Famous artistic names from the Renaissance would also sometimes be pitted against each other with only the winning designs being put into practice. Even the great Michelangelo and Leonardo da Vinci would produce architectural work that lost out to others during their careers, normally due to their technical knowledge being spread more thinly across many art forms rather than being specific specialists in architecture.
Giotto, having been nominated as Capomaestro, was able to play the roles of both designer and patron. Whilst ensuring that he could approve his own work, this position arrived too late in his life to make quite the impact that he might have liked to in this medium. As such, he is still predominantly thought of as, first and foremost, a painter. Architecture developed considerably during the 14th to 17th centuries, taking what had gone on previously in the Gothic period and reviving some elements of ancient style.
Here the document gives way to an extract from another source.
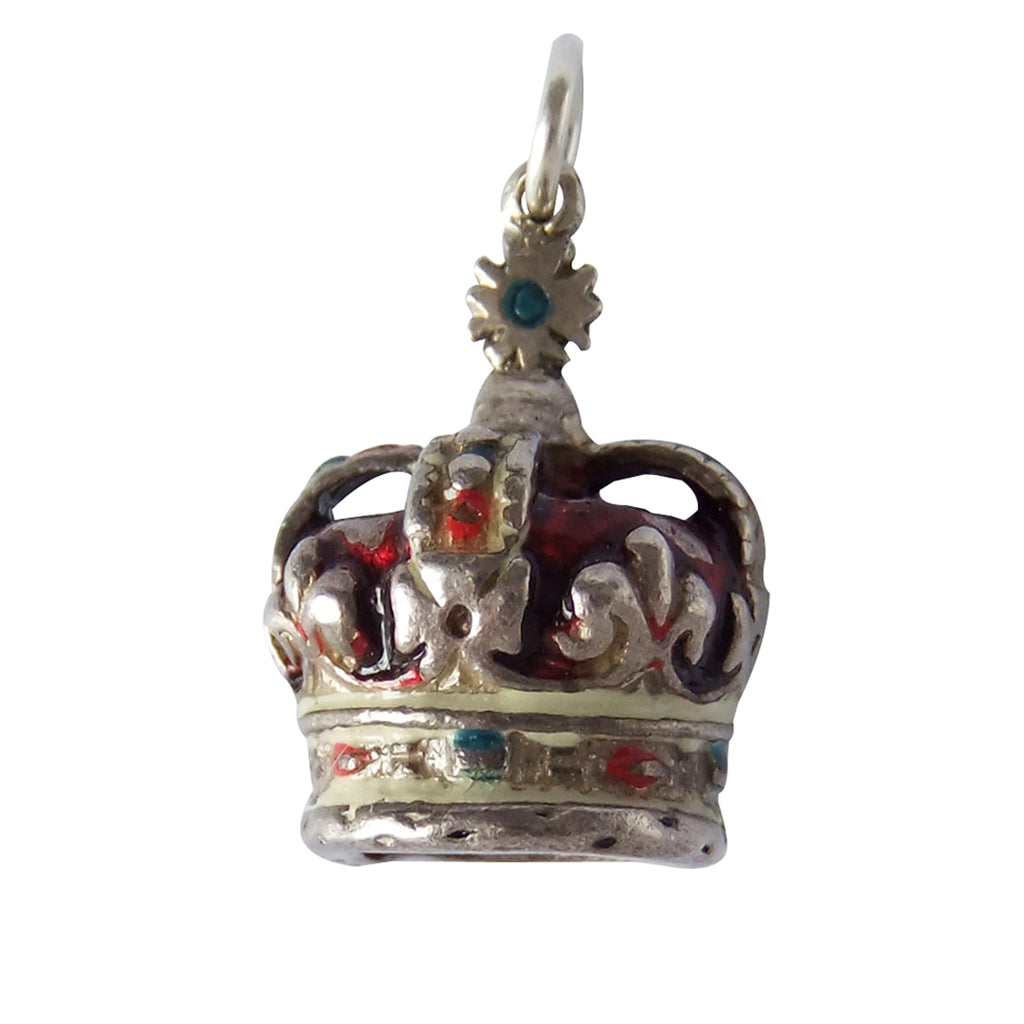 Vintage Silver Enamel Crown Charm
Florence, particularly thanks to the efforts of Filippo Brunelleschi, would prove to be the central point from where influence would be later felt right across Europe.
Therefore, for Giotto to be involved with the Duomo and its accompanying Campanile underlines just how exceptional an architect he was. Renaissance archtecture brought in a clearer planning of perspective and design, combining elements of Greek and Roman features with a more consistent method of planning than had been seen in medieval buildings. The result of this would aesthetically pleasing structures that would also stand the test of time.